The Problem of Genetic Information

A third explanatory deficiency of contemporary evolutionary theory concerns the origin of the genetic information stored in DNA, particularly the origin of the genetic code, which, as we have seen, is virtually universal among living things. Given that there are more than 10⁸⁴ possible alternative codes, the fundamental question, Koonin and Novozhilov explain, is what factors could have produced the standard genetic code.[17] Koonin and Novozhilov’s article culminates with a question instead of a conclusion: “How did the code evolve (and will we ever know)?”[18] They state, “In our opinion, despite extensive and, in many cases, elaborate attempts to model code optimization, ingenious theorizing . . . , and considerable experimentation, very little definitive progress has been made.”[19]

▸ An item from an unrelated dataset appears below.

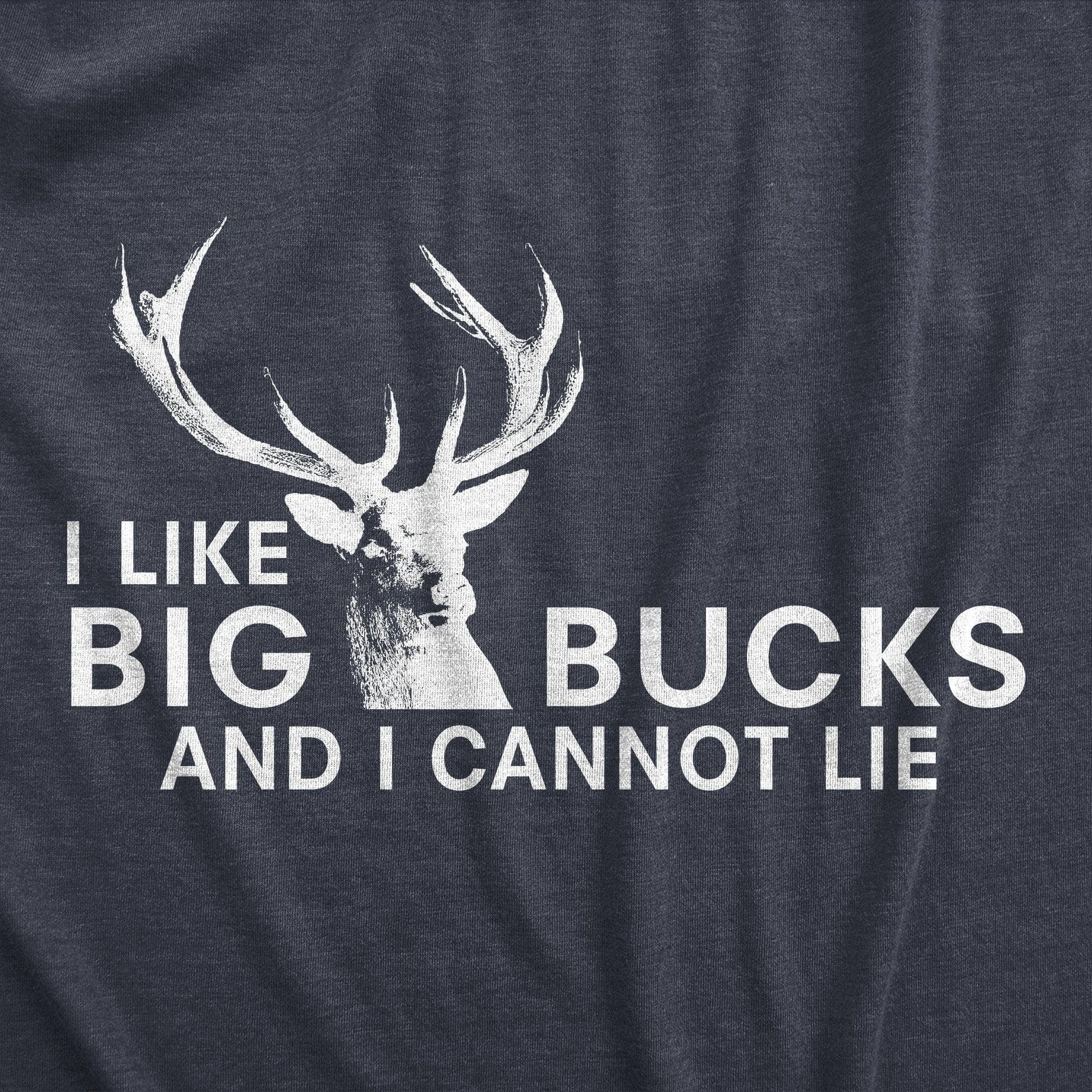 I Like Big Bucks Men's Tshirt Hunting Graphic Tee Western T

So in answer to their question, they say, “Summarizing the state of the art in the study of the code evolution, we cannot escape considerable skepticism. It seems that the two-pronged fundamental question: ‘why is the genetic code the way it is and how did it come to be?’, that was asked over 50 years ago, at the dawn of molecular biology, might remain pertinent even in another 50 years. Our consolation is that we cannot think of a more fundamental problem in biology.”[20]

Thus, the genetic code that lies at the root(s) of life is not explained by contemporary evolutionary theory.

Summary

Our point is a modest one. The acknowledged explanatory deficits of original Darwinian theory and of the Modern Synthesis have not been fully rectified by the advances of the Extended Evolutionary Synthesis. We still have much to learn about the causal mechanisms underlying the evolutionary history of life. This conclusion is, as we have said, widely acknowledged and is hardly surprising.